Am 29.08.20 um 19:50 schrieb Sven Schreiber:
Am 29.08.2020 um 19:40 schrieb Riccardo (Jack) Lucchetti:
> On Sat, 29 Aug 2020, Riccardo (Jack) Lucchetti wrote:
>
>>> It's a pitty that people did not consider the gretl project. I am
>>> wondering whether "we" may re-run the same experiments for gretl
for
>>> getting an idea how gretl would position.
>>>
https://www.modelsandrisk.org/appendix/speed_2020/
>>
>> I think we should prepare hansl version of the little code snippets
>> that are on the webpage you linked.
>
> Sorry for replying to myself: I now see that one of the tests is based
> on reading a gzipped csv file. At present, I don't think we can do such
> a thing, although it shouldn't be difficult to add IMO. Would it be
> worthwhile?
I guess for the "open" command the standard reaction in the past would
have been: why not use any of the many free third-party tools to unzip
the file first?
Not denying that it would be a "nice to have", as always.
But perhaps for "join" it could be a sensible option?
Some while ago (half a year?) I asked for this feature. I had a use-case
at this time with many (>100) csv.gz files which I wanted to join.

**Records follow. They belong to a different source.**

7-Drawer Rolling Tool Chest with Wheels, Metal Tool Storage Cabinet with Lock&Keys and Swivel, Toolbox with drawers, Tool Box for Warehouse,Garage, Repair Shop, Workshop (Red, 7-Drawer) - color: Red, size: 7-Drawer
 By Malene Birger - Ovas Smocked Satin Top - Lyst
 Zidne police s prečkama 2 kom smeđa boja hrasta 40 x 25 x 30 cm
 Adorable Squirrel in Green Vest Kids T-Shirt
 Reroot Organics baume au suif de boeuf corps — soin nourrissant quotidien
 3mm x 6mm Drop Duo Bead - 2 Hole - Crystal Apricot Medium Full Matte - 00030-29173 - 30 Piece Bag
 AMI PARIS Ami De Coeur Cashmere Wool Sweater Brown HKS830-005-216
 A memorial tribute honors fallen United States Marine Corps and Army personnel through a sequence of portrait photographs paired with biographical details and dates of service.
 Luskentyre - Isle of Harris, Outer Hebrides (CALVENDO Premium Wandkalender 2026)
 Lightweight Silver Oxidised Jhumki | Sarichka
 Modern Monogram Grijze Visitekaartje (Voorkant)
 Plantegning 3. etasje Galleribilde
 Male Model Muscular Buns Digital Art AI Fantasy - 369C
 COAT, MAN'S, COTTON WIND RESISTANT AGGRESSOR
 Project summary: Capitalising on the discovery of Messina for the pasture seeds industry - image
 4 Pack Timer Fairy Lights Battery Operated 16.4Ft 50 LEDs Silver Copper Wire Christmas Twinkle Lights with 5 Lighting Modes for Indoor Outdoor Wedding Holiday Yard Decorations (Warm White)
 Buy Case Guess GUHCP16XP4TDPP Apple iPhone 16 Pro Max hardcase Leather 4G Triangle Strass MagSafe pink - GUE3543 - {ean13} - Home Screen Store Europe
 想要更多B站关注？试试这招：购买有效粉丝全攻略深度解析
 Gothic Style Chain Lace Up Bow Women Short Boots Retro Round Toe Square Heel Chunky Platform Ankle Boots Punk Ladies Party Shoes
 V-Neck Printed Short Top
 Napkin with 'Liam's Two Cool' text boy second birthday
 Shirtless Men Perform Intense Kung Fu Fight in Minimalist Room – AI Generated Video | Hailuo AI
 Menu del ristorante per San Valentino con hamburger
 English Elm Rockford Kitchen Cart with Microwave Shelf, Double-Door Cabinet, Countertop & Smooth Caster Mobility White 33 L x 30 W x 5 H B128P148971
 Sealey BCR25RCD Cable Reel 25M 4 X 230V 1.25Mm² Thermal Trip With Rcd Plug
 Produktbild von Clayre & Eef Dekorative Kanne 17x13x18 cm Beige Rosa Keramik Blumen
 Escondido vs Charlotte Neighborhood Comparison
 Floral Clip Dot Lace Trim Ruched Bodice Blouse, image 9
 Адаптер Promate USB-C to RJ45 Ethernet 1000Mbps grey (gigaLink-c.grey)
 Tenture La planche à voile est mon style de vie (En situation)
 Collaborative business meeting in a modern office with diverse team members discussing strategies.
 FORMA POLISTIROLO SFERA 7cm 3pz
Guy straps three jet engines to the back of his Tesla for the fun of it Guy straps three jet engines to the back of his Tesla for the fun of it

Unzipping "outside" the gretl script then required a separate
shell-script before doing loading things to gretl. The "csv.gz" format
is quite standard when working with large data sets (for instance Spark
data frames can be stored as csv.gz).
As gretl does not support wide-spread binary formats such as "pickle
files" or the "Parquet" format, being able to read/ write csv.gz is
definitely useful.
By the way, when I wrote a shell-script half a year ago I've found this
very useful and reliable tool called "pigz"
(
https://linux.die.net/man/1/pigz) for parallel (de-)compression.
Artur